For the last few years (with the exception of a few 80s and 90s kickback moments, a little Michael Jackson here and there and a few Indie bands) for the most part I listen to Christian music. So although I was vaguely familiar with her drug and alcohol problems, I was otherwise pretty oblivious to Amy Winehouse and her music. That is until a few days ago when the news hit the she’d passed away. Reading online articles written about her tumultuous lifestyle was really just sad, but I think what was worse was reading comments from the general public written in response to those articles. Disrepsectful and just down right cruel things that people said really just turned my stomach. For sure she had drug addictions, alcoholism, and a potty mouth but that doesn’t remove the fact that a mother and father had to bury their daughter today.
I just felt heavy with grief as I thought about this life stolen away by addiction…at all the lives lost and moments lost to some form of addiction every day in this world.

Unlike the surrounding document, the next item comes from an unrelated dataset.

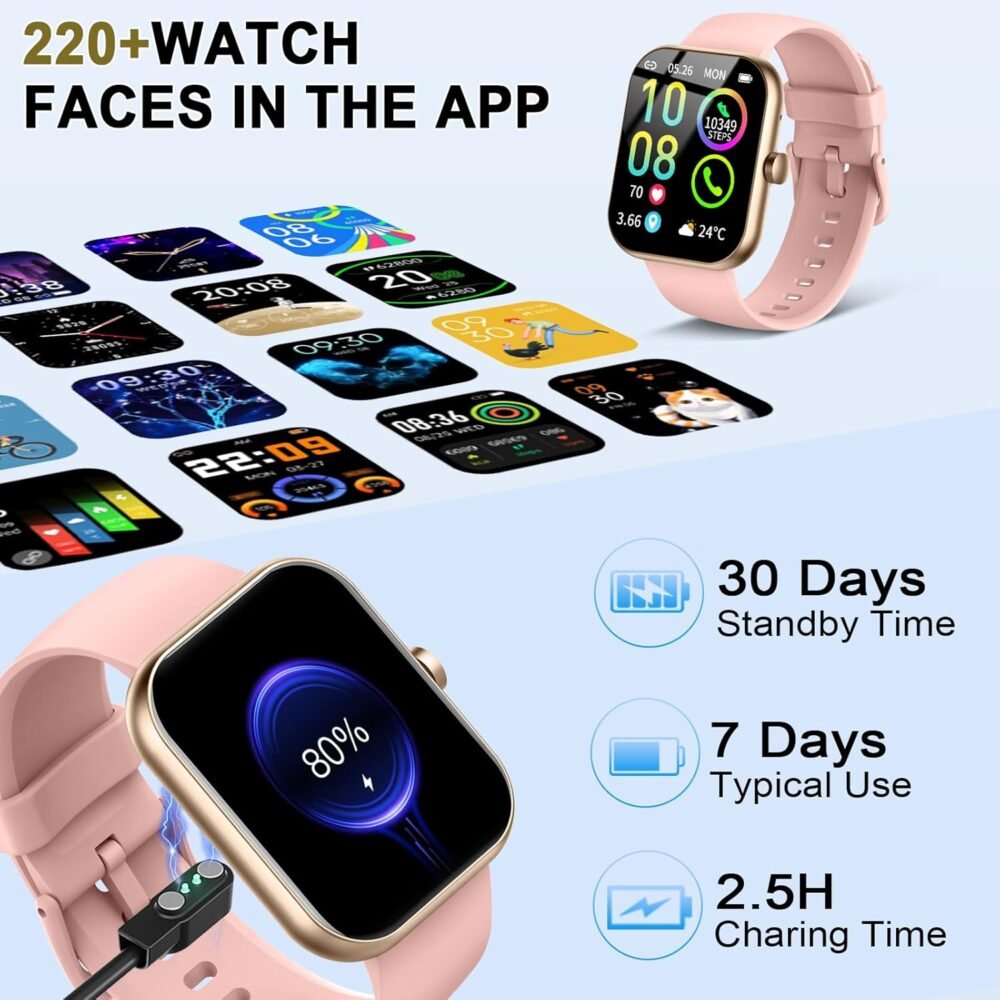 Smart Watch (Answer/Make Calls), 1.96"HD Smartwatch for Women Men, 2025 Activity Tracker with Heart Rate Monitor, Sleep Trackers, Pedometer,SpO2, IP68 Waterproof, Fitness Watch for Android iOS Pink - Image 8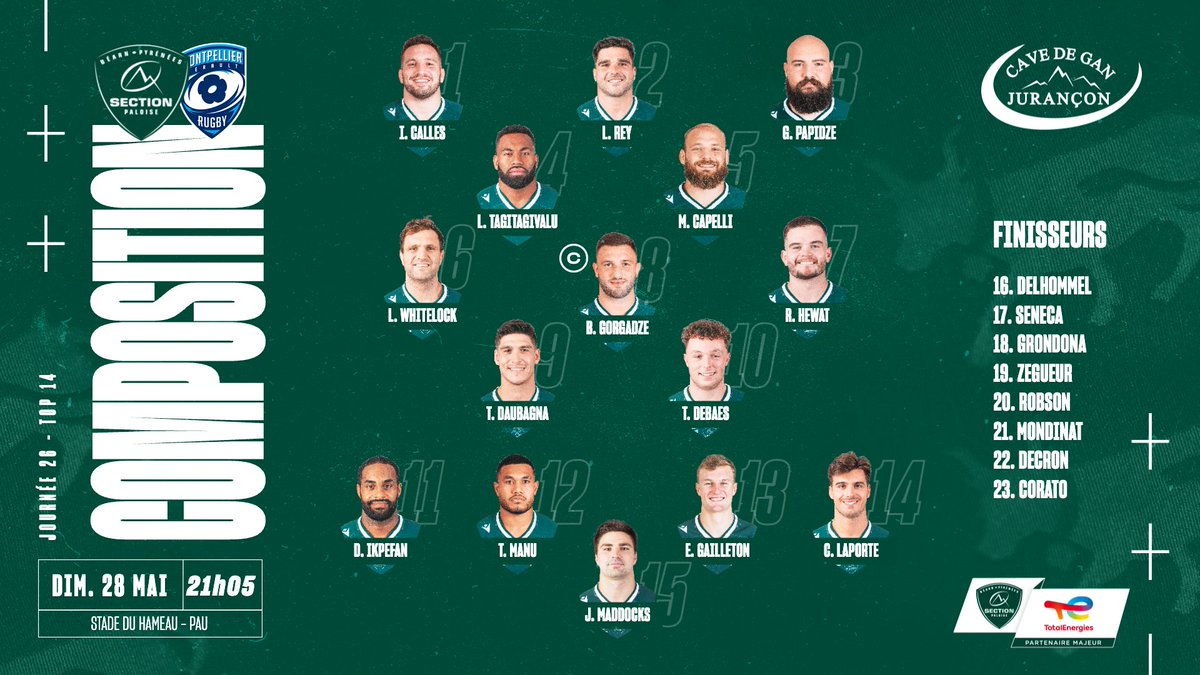 📋 𝑳𝒂 𝒄𝒐𝒎𝒑𝒐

I was sharing all this with my soul sister Mandi at our Tuesday morning coffee time this morning. She shared with me about this homeless fella she and her fiance’ Jeremy had met over the weekend. They’d gotten him something to eat and talked to him about Jesus. It would have been just as easy to judge him…or any homeless person for that matter. We can’t always know what gets a person into that kind of predicament but it’s not uncommon for it to be the result of feeding an addiction that wins out over jobs and houses and families.
But God reminded me today that we all have our vices…our addictions. And He has grace to cover them all.
And without Him, we are all trainwrecks. Without Him we are all lost.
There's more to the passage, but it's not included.